» **Problem to solve**
Some lines in the material below hold the word "with". Copy all of them.
========================================
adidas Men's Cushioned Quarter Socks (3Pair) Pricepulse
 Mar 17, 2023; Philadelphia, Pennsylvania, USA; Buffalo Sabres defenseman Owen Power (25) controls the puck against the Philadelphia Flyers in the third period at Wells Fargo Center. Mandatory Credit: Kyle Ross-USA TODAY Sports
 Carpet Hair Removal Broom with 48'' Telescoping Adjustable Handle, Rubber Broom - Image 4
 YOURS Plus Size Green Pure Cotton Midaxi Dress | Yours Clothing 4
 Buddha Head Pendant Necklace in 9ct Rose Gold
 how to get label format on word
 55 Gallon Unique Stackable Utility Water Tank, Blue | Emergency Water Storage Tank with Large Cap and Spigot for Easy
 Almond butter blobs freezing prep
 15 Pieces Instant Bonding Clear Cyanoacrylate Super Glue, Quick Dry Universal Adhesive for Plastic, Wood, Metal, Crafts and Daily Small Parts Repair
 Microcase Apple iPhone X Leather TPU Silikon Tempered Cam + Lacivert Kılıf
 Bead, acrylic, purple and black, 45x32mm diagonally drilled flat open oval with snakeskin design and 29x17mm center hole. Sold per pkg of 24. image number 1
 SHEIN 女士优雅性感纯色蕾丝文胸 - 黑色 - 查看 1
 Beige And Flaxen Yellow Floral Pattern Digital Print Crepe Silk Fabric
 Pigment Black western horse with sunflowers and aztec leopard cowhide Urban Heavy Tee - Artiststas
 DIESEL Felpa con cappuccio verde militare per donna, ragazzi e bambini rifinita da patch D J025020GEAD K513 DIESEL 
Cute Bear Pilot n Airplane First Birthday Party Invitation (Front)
========================================
» **Answer box**
 Carpet Hair Removal Broom with 48'' Telescoping Adjustable Handle, Rubber Broom - Image 4
 55 Gallon Unique Stackable Utility Water Tank, Blue | Emergency Water Storage Tank with Large Cap and Spigot for Easy
 Bead, acrylic, purple and black, 45x32mm diagonally drilled flat open oval with snakeskin design and 29x17mm center hole. Sold per pkg of 24. image number 1
 Pigment Black western horse with sunflowers and aztec leopard cowhide Urban Heavy Tee - Artiststas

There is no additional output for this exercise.